Populism is a potential threat to privatisation
The period before every general election has two hallmarks: intense political activity and slowing down of economic reforms.
The period before every general election has two hallmarks: intense political activity and slowing down of economic reforms. Both are currently in full public glare. While the Bharatiya Janata Party (BJP) is gearing up for small battles in states this year and the big war next year, the opposition parties are trying various strategies to prevent a third term for Prime Minister Narendra Modi. Economic policy also seems to be undergoing some change, with emphasis shifting from liberalization to entitlements and freebies, consequent to which privatization has been relegated to the backburner. Even Atal Bihari Vajpayee’s government halted sale of PSUs more than a year before the 2004 general elections. Of course, the Centre is not abandoning disinvestment or even privatization, per se. “There is little chance of a new stake-sale transaction before the general elections. The priority will be to speed up the ongoing deals, including those to sell stakes in IDBI Bank, Shipping Corporation and Container Corporation of India (Concor),” says a report.

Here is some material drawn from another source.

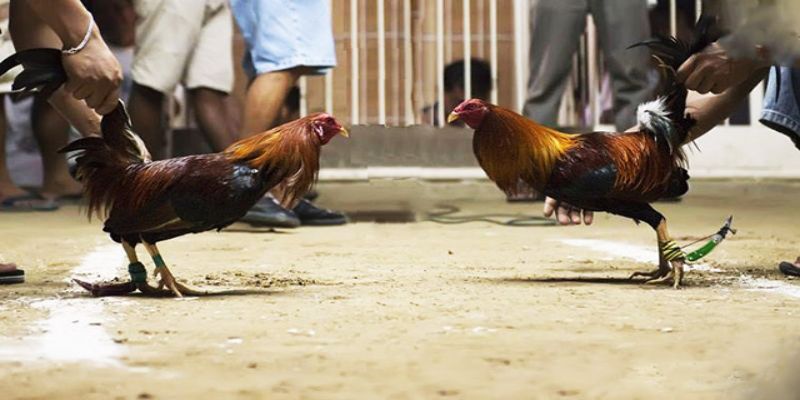 Những hình thức đá gà trực tiếp ở Thomo phổ biến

Halting the disinvestment process should be viewed in the backdrop of recent political developments, especially the Karnataka Assembly election verdict. This has brought the focus back on freebies and entitlements. The new state government has decided to implement its election promises thereby imposing a bill estimated at Rs 50,000-62,000 crore a year. Karnataka’s fiscal deficit was Rs 60,581 crore, or 2.6 per cent of the GSDP, in 2022-23. Populism is accompanied by putting brakes on liberalization, the boldest of which is privatization. This is the reason that socialists and communists are staunchly opposed to sale of PSUs. The typical criticisms are: family silver is being sold to pay the grocer’s bill; national assets are being handed over to private companies and employees’ interests are being compromised.
These are phony, misleading arguments; but then in politics lies play as important a role as facts do. This is the reason that those in government are worried about electoral backlash when disinvestment talks do the rounds.
It does to the credit of the Modi government that it has not stopped the selloff process altogether; it won’t announce new privatizations. So, it will sell its own stake and that of LIC’s in IDBI Bank. Both own 60.72 per cent in the lender. This could fetch around Rs 35,700 crore.
The government can earn around Rs 12,400 crore by offloading its 30.8 per cent equity in Concor. It can also get about Rs 4,300 crore by disinvestment in BEML and SCI. By completing the ongoing selloff process, the government can achieve the disinvestment target of Rs 51,000 crore this fiscal. These imply that disinvestment accruals in 2023-24 are not a problem. The real issue will be the next government’s take on privatisation. If that is not as zealous as this government is, privatisation will suffer in the medium term.